Watchdog is now meeting revised performance target

The Charity Commission has dropped a target measuring the length of time it takes to complete inquiry reports.

The ‘KPI 4' indicator previously included a target to complete formal investigations within 275 days. However, the commission board agreed to drop this measure in July, a paper for an open board meeting on November 26 shows.

The change means the commission's compliance division has begun to meet the requirements of the indicator, agreed with the Treasury, now that there is no strict time limit involved.

The new indicator includes "a basket of measures that better reflects the broad range of our compliance activity and focuses on the effectiveness and quality of outcomes as well as the timeliness of investigations," according to the board paper.

Kenneth Dibble, director of legal services at the commission, told the board in September 2008 that it might be impossible for the commission to meet the previous time-limited target if trustees were uncooperative or where the police or courts became involved.

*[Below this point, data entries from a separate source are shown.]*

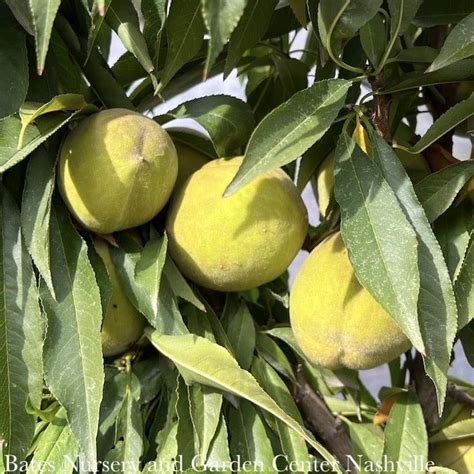 Edible Prunus X Garden Gold Miniature Dwarf Self Fertile Peach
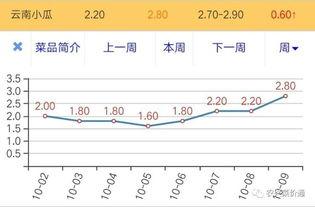 今日小瓜价格最新行情,最新行情解析与市场趋势洞察”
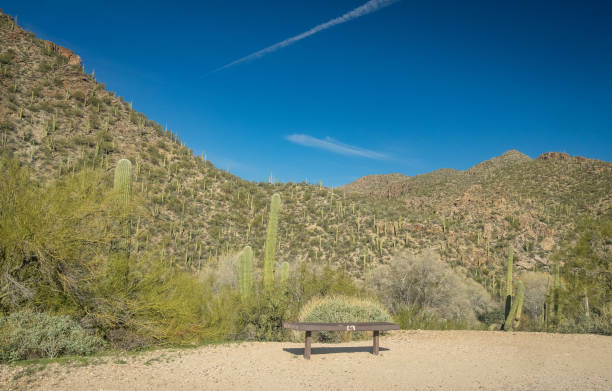 istock Beautiful Desert Landscape 1300898610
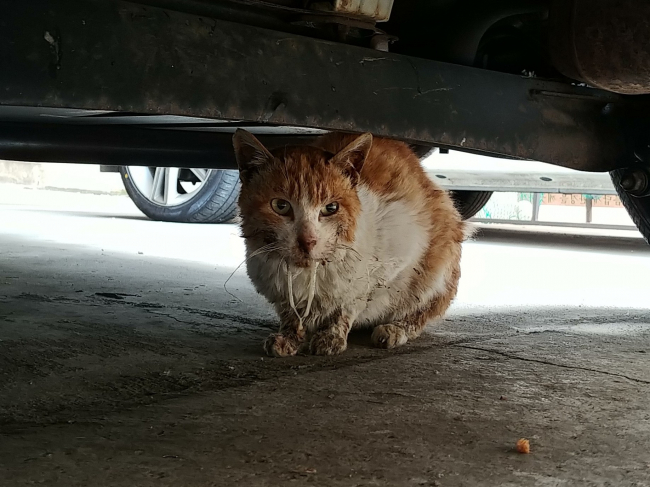치료전-1.jpg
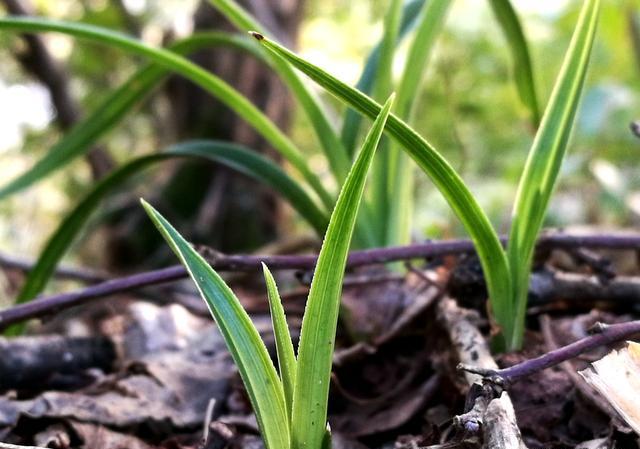 兰草花果可以做花种吗?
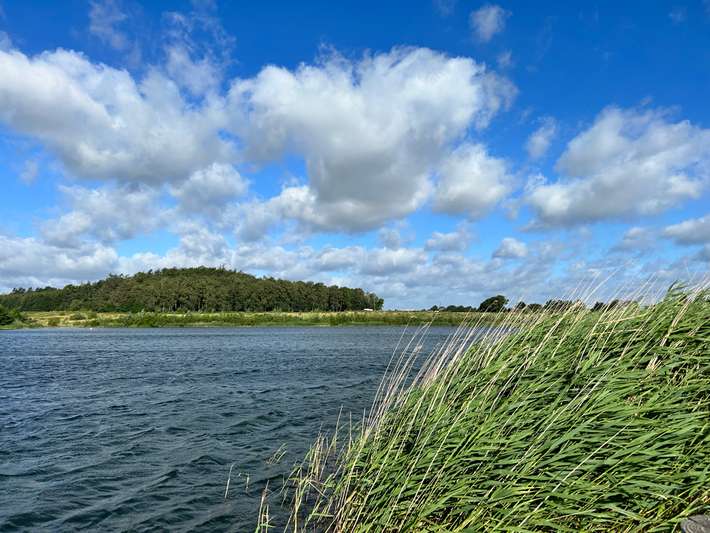 Ibsjergsporet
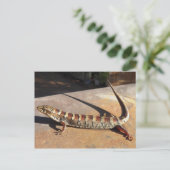 Zeigen Sie Low Arizona King's Place Alligator Liza Postkarte (Stehend Vorderseite)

The board meeting will also hear:

  • The number of charities submitting their due documents on time has risen to 81 per cent in the year up to 31 October. The target is 76 per cent.
  • The timetable for registering exempt charities has slipped. The first phase of the programme, which will involve up to 250 educational institutions and student unions with annual incomes of more than £100,000, will now take place early next year. A second phase involving housing associations, further education colleges and charitable industrial and provident societies is scheduled for late 2010. The commission is currently processing 1,400 registration applications from previously excepted charities.
  • The commission will team up with the NCVO to produce guidance for charities with group structures in January. The regulator also hopes to establish a network of such bodies to promote "effective self-regulation".
  • The commission will respond to "renewed political and sectoral interest" in small community-based charities by providing more support for them. The regulator, which produced a small charities constitution last month, hopes to adapt existing guidance, use new technology and work with external partners to engage with small charities.
  • The commission aims to update its Charities & Elections guidance ahead of the forthcoming general election. The updated document, which will be launched in February, will be based on questions submitted by a small focus group of charities.
  • The commission has written to 800 professional advisers encouraging them to communicate with it electronically. A quarter of all paper correspondence the regulator receives is sent by solicitors, accountants and auditors. Email is a "faster, cheaper solution to serving their clients", according to the commission.